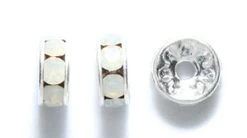 76CC210-S: Preciosa Rhinestone Rondell White Opal Silver 7mm - 36 Pieces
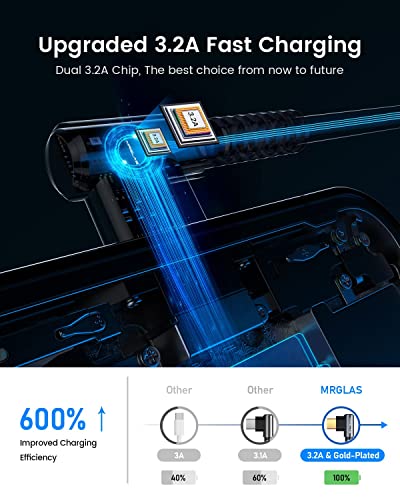 Кабел за зарядно устройство MRGLAS 3.2 A USB C, [2 опаковки, 10 фута] Правоъгълен кабел USB A-C USB, Позлатените Зарядно устройство Type C, Бързо зареждане, Кабел за зареждане в найлонов оплетке, който е Съвместим с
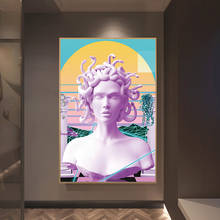 Vaporwave Sculpture Of Medusa Canvas Art Posters Graffiti Art Paintings On the Wall Art Cover Face of Medusa Pictures Unframed 2024 - buy cheap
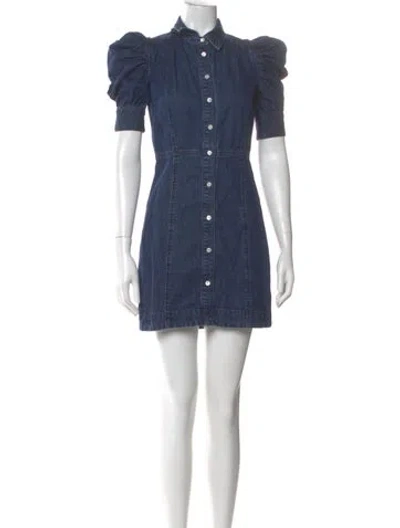 Pre-owned Frame Mini Dress In Blue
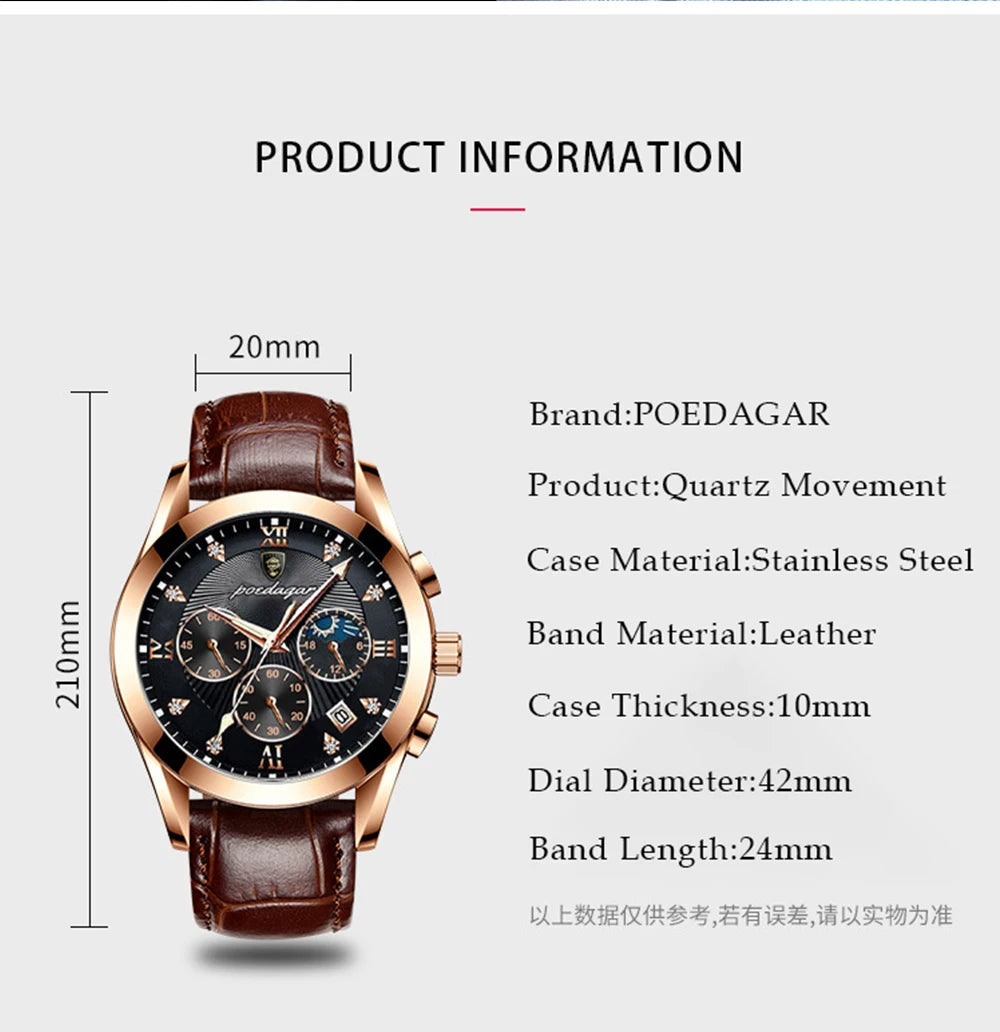POEDAGAR Men Watch New Top Brand Luxury Waterproof Luminous Sport Wristwatch Quartz Military Genuine Leather Relogio Masculino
====================
Assigned task: Write the records out again in full, exactly, and skip every picture.

Solution:
 76CC210-S: Preciosa Rhinestone Rondell White Opal Silver 7mm - 36 Pieces
 Кабел за зарядно устройство MRGLAS 3.2 A USB C, [2 опаковки, 10 фута] Правоъгълен кабел USB A-C USB, Позлатените Зарядно устройство Type C, Бързо зареждане, Кабел за зареждане в найлонов оплетке, който е Съвместим с
 Vaporwave Sculpture Of Medusa Canvas Art Posters Graffiti Art Paintings On the Wall Art Cover Face of Medusa Pictures Unframed 2024 - buy cheap
 Pre-owned Frame Mini Dress In Blue
POEDAGAR Men Watch New Top Brand Luxury Waterproof Luminous Sport Wristwatch Quartz Military Genuine Leather Relogio Masculino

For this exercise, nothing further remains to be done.